Fighting for quality news media in the digital age.

  1. Media Business
July 7, 2017updated 13 Jul 2017 4:55pm

Editor of The New European on a year in print: ‘If we are a stone in the shoe of Paul Dacre, that’s a worthwhile position for me’

By Freddy Mayhew

Delivered from concept to publication in nine days, “pop-up” newspaper The New European has defied its early critics and a news industry in decline to mark one year in print.

The weekly title’s first edition came out just two weeks after Britain voted for Brexit in the EU Referendum of June last year and was billed as the paper “for the 48 per cent” of Remain voters.

Editor Matt Kelly spoke to Press Gazette this week, while still thinking of ideas for a striking front page design – something that has become a hallmark of the paper – for its 52nd issue, out today (Friday).

The 52nd edition of The New European

The New European relies on newsstand sales (at a cover price of £2) and subscriptions to generate the bulk of its income, with print advertising a growing revenue stream.

As such, getting the splash right can mean the difference between a week in the black and a week in the red, said Kelly, who revealed The New European’s circulation is “volatile” – going up or down between ten to 15 per cent each week, but maintaining a base sale of about 20,000 copies.

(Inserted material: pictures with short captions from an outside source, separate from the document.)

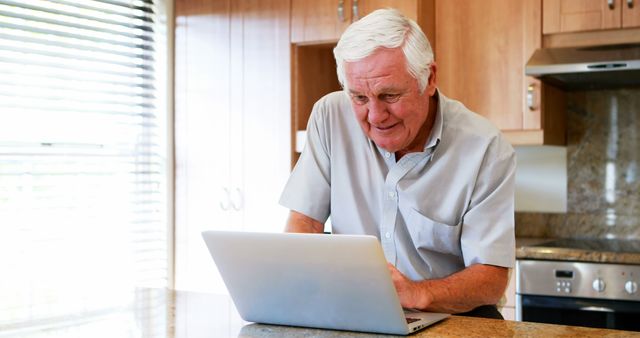 An elderly man interacts with his laptop in a contemporary home kitchen setting, showcasing the blend of technology and daily living for seniors. Ideal for websites focusing on senior care, technology adoption among the elderly, home lifestyles, work-from-home culture among retirees, and independent living for older adults. Can be used to illustrate articles on aging, retirement activities, and remote work environments.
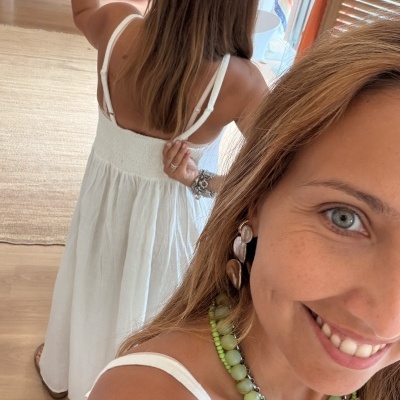 Mulher com vestido branco e colares verdes sorrindo em ambiente interno com roupas ao fundo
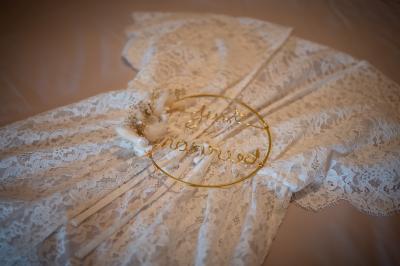 Un couple de mariés dans un jardin, la mariée tenant un bouquet de roses pastel au premier plan.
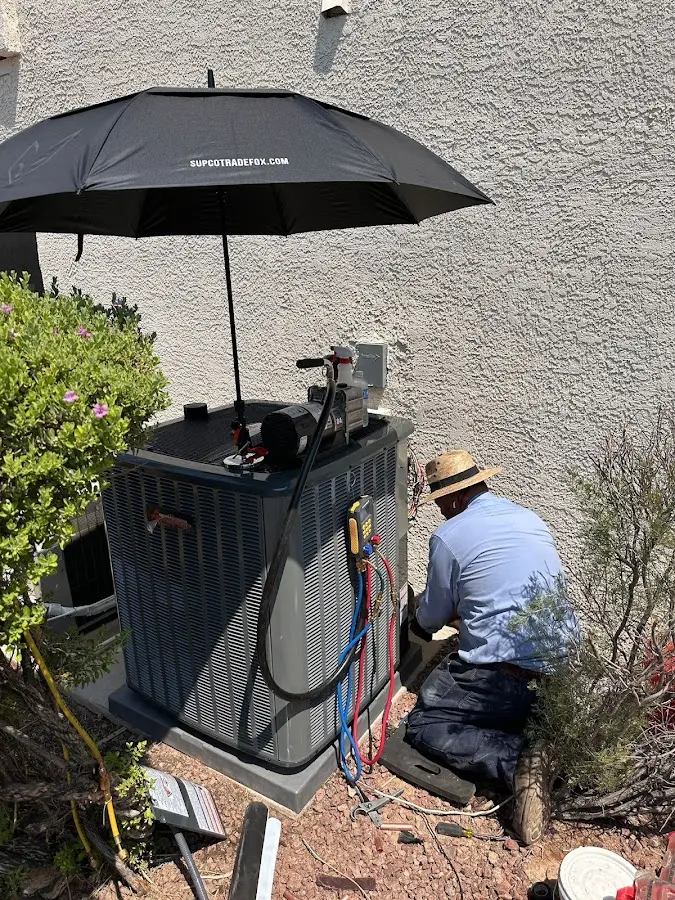 HVAC technician performing outdoor AC maintenance in Fife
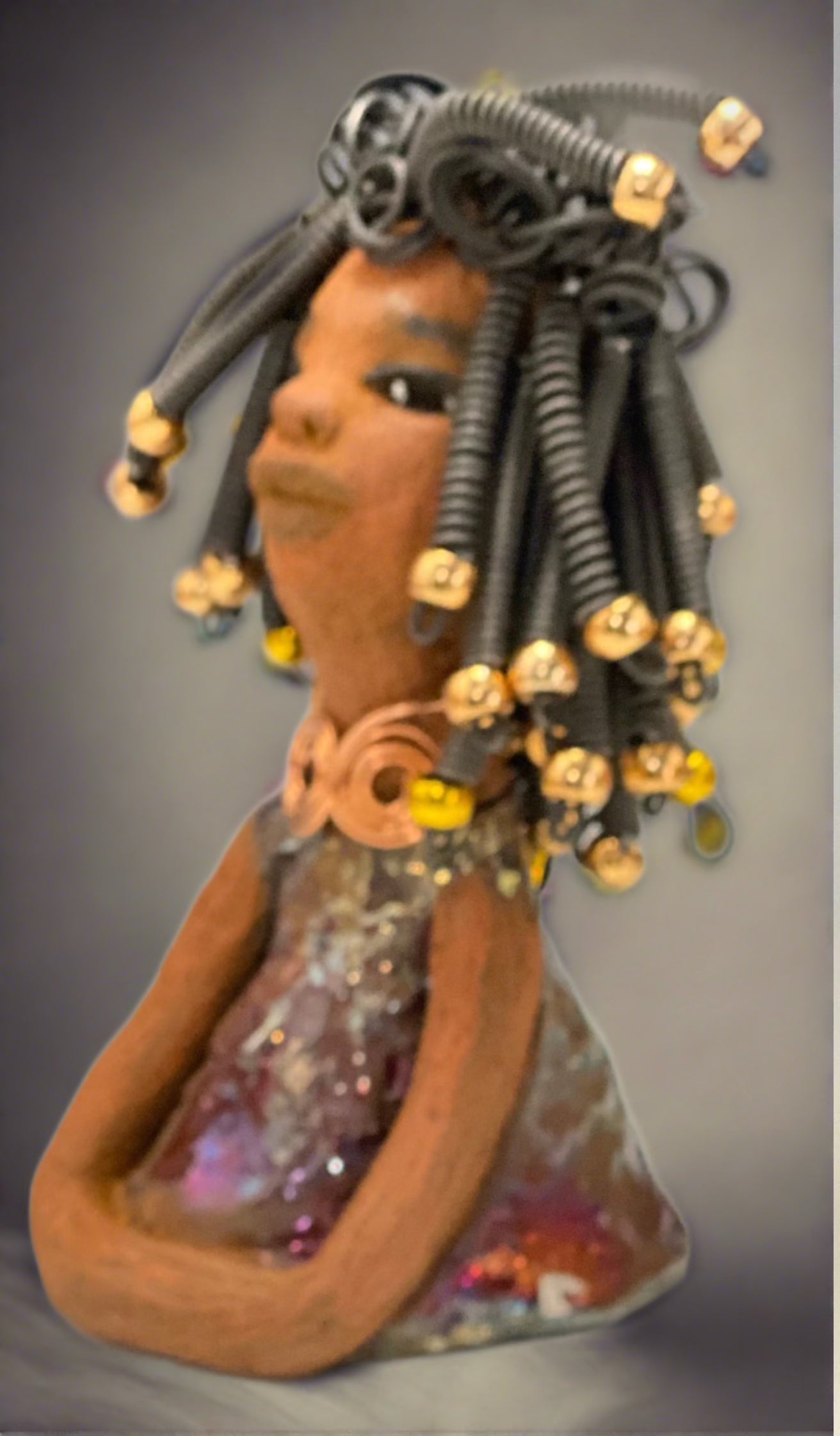 Meet Alexus Alexus stands 7.5" x 4" x 4" and weighs 1.05 lbs. She wears a lovely glossy metallic gold dress adorn by a spiral copper necklace. Alexus has over15 feet of coiled wire hair with gold beads.. Alexus appears to sit in a yoga pose. Her long arms rest at her side. Alexus is a great starter piece from the Herdew Collection!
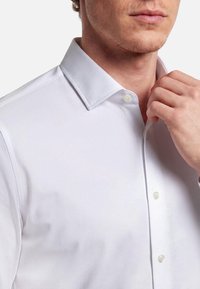 Mężczyzna poprawiający kołnierz białej koszuli, pokazujący zbliżenie szyi i górnej części tułowia na jednolitym tle.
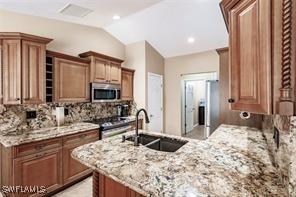 4238 Golfair Ln, North Port, FL 34288 - kitchen featuring stainless steel appliances, decorative backsplash, light stone counters, vaulted ceiling, and a peninsula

“The dependencies are two-fold,” he said. “One is, whether there’s any real buzz in the UK political scene that week and the other is whether we have nailed a good cover.

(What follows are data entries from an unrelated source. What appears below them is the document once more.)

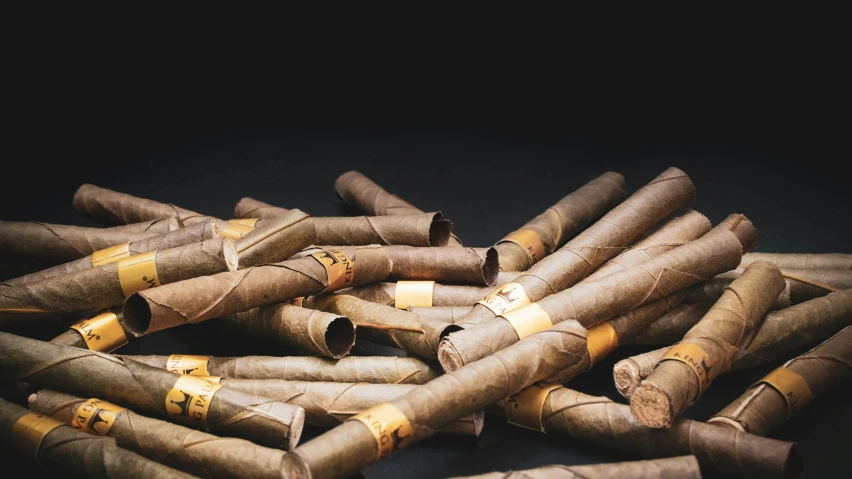 several pairs of cigars are piled on top of each other
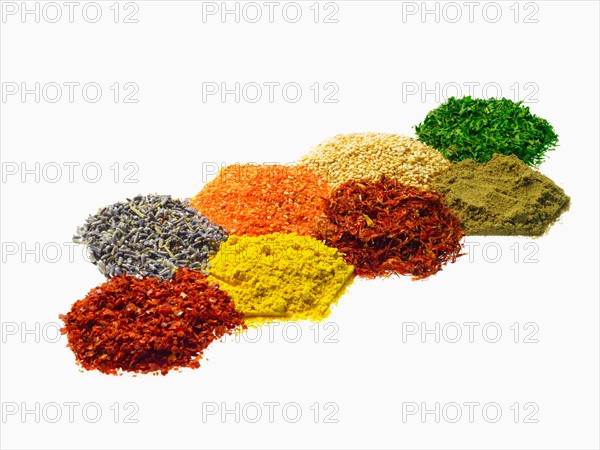 Studio shot of Piles of spice on white background. Photo : David Arky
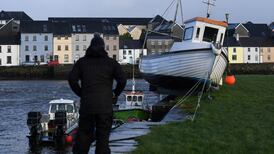 Coastal towns at risk of further flooding as wind warning issued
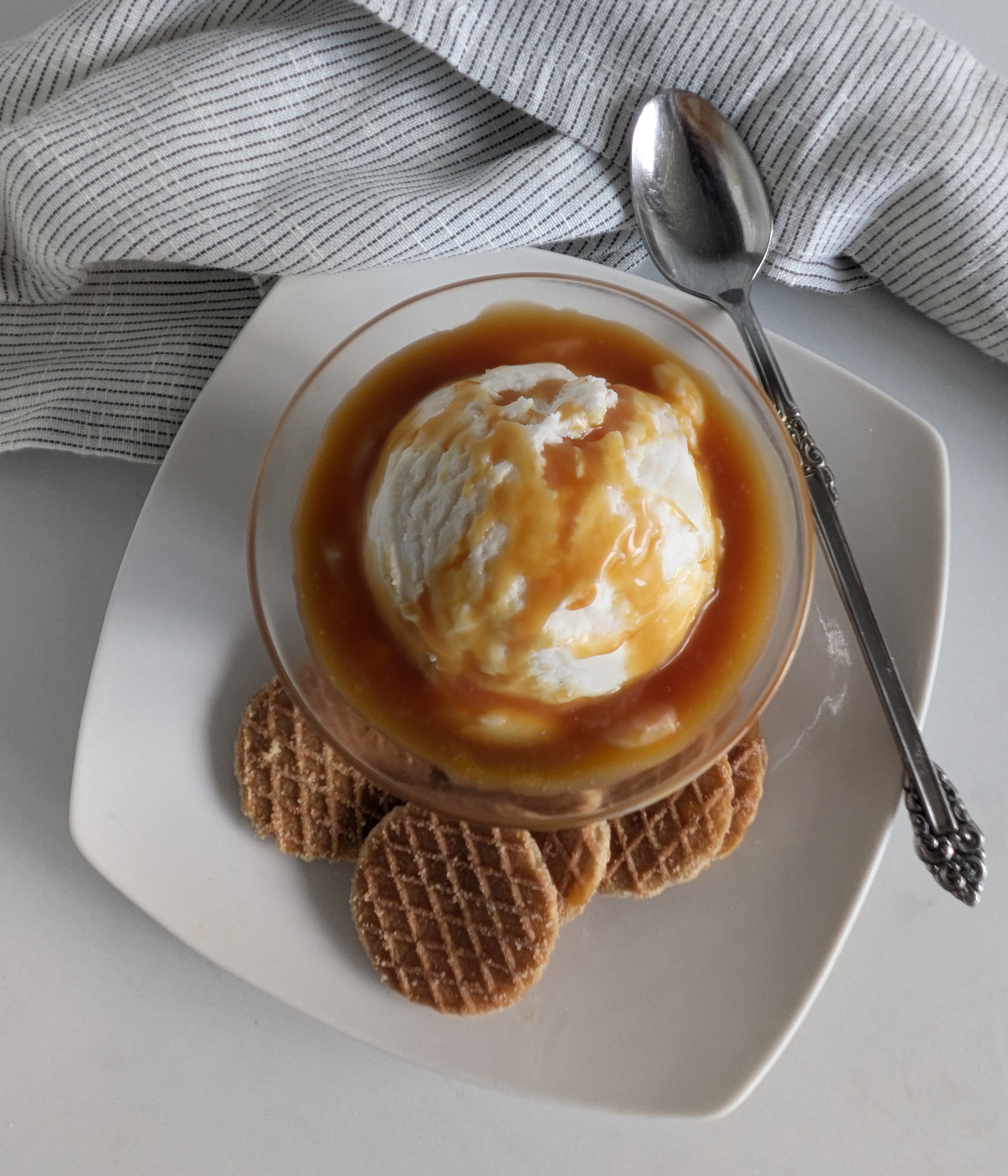 Ice cream with Paradigm Foodworks Sea Salt Caramel sauce served in a glass bowl on a white plate with waffle cookies and a spoon.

“If we tick both of those boxes we will have a great sale. If we screw up the cover design and it’s a boring week we can experience late teens in terms of sales.”

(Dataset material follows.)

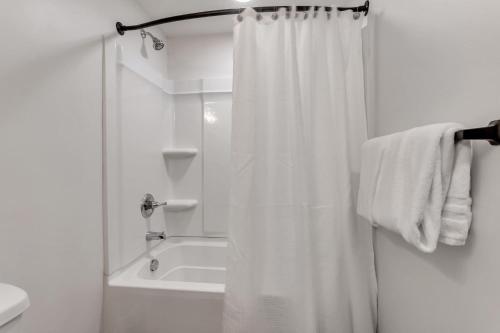 a white bathroom with a shower curtain and a tub at Newly Built Modern Park City Getaway l Zen by Stay in Park City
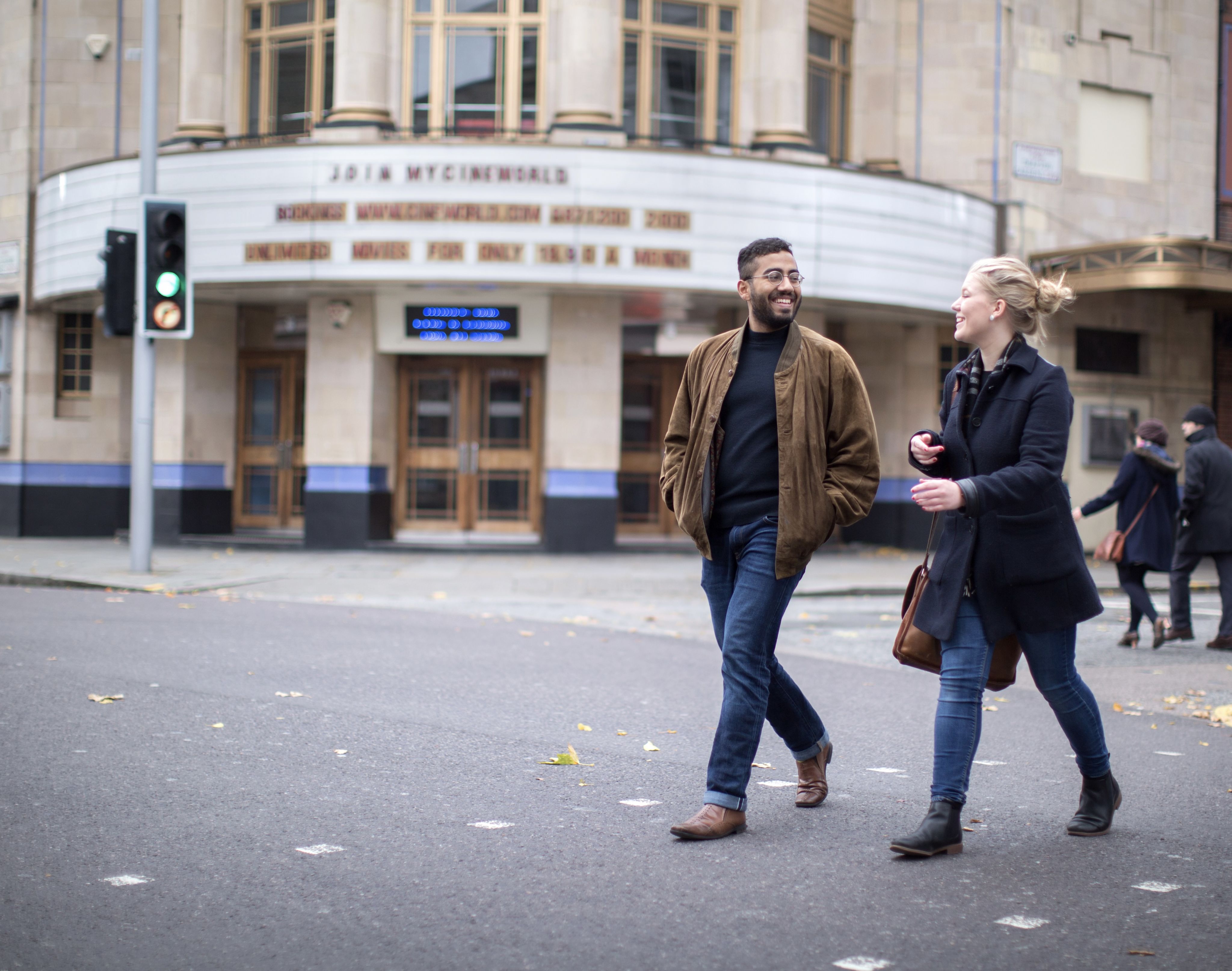 Two students walking on a street in London, with a theatre in the background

Hitting on a front page that will shift papers is something Kelly said he learned during his years as night editor on the Daily Mirror – where he spent a decade in various senior roles – working under “masters of the art” Piers Morgan and Richard Wallace.

“Piers would put the paper together at morning conference, but from about lunchtime onward all he was thinking about was what’s page one going to be. He knew he had people who could look after the rest of it, but page one was the main consideration,” he said.

“That’s very much the approach I take – that we have got to set our stall out on page one because we have no marketing budget and no advertising, so the only way we can sell the paper is by having a striking front page that really resonates with people.”

He added: “I think the secret with a good cover is there has got to be something visceral about it. You’ve really got to feel it.

“I think the best one that sums up that was the “Bloody Idiot” front page that we did on the morning of the election results, using the number 10 on Downing Street for the “i” and the “o”.

“That’s what everyone was saying in the morning – “bloody idiot” – so to find a way of cleverly doing that as a front page was perfect.”

But Kelly is as much a critic of the paper’s splash designs as any of his detractors on social media, telling Press Gazette: “I think although we have done some great front pages, we have done some absolute stinkers as well – where it’s just been a bit lame.

“We have got a wall at the office with all 51 of our front pages and half of them I think are fabulous, I’m really proud of them, of the other half I would say some of them are ok and some of them just suck.”

The New European is produced by regional publisher Archant, where Kelly is also chief content officer.

Like its rivals in regional news, Archant has cut jobs in recent years as it attempts to shore up its operation against rising print costs, declining sales and the continued loss of advertising revenue.

Some critics thought because of this The New European, which was delivered to market faster than any other British newspaper in history, would be fumbled in Archant’s hands.

Said Kelly: “All these old, cynical, bitter losers, were saying online that it’s going to be full of wire copy and that they [Archant] are hopeless, what could they possibly do that would be interesting?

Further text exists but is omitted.